* _What the task requires_
Would you repeat the whole listing exactly, pictures excluded?

* _Given information_
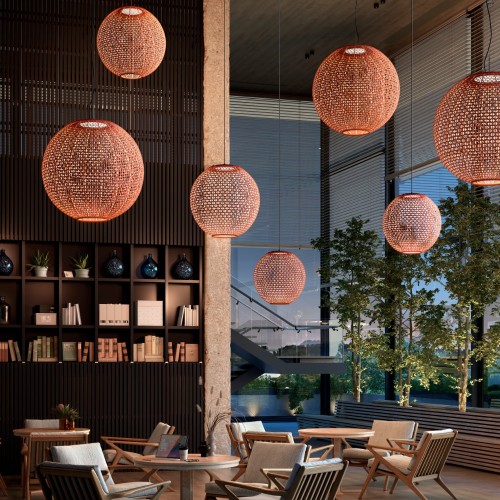 Suspensions Nans Sphere S/60 et S/80 rouge Bover Valente Design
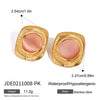 Stainless Steel Geometric Square Cat's Eye Earrings With Electroplating Treatment For Women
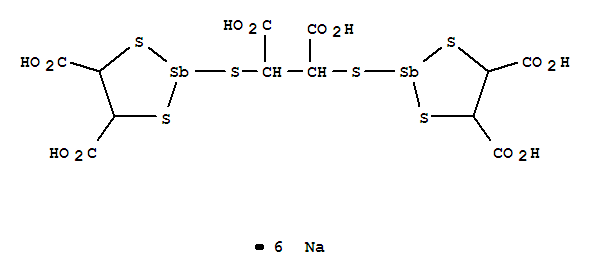 1,3,2-Dithiastibolane-4,5-dicarboxylicacid, 2,2'-[(1,2-dicarboxy-1,2-ethanediyl)bis(thio)]bis-, sodium salt (1:6)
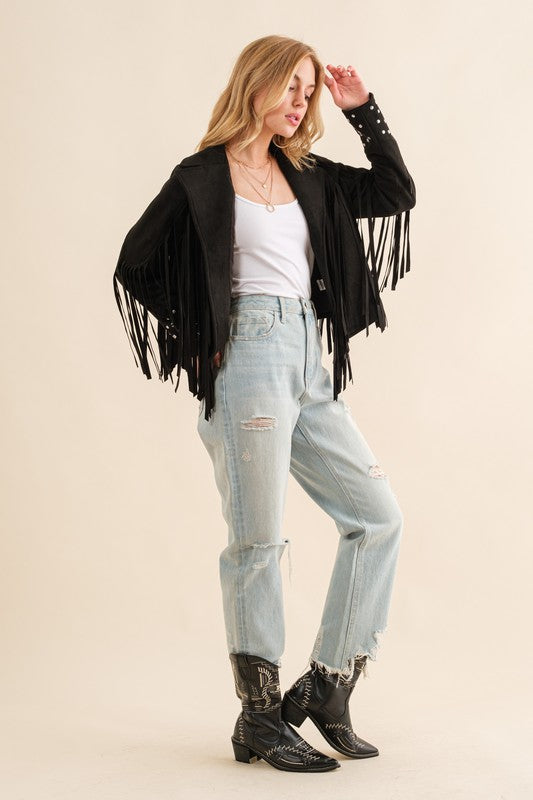 Studded Fringe Open Western Jacket Jacket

* _Exercise solution_
 Suspensions Nans Sphere S/60 et S/80 rouge Bover Valente Design
 Stainless Steel Geometric Square Cat's Eye Earrings With Electroplating Treatment For Women
 1,3,2-Dithiastibolane-4,5-dicarboxylicacid, 2,2'-[(1,2-dicarboxy-1,2-ethanediyl)bis(thio)]bis-, sodium salt (1:6)
 Studded Fringe Open Western Jacket Jacket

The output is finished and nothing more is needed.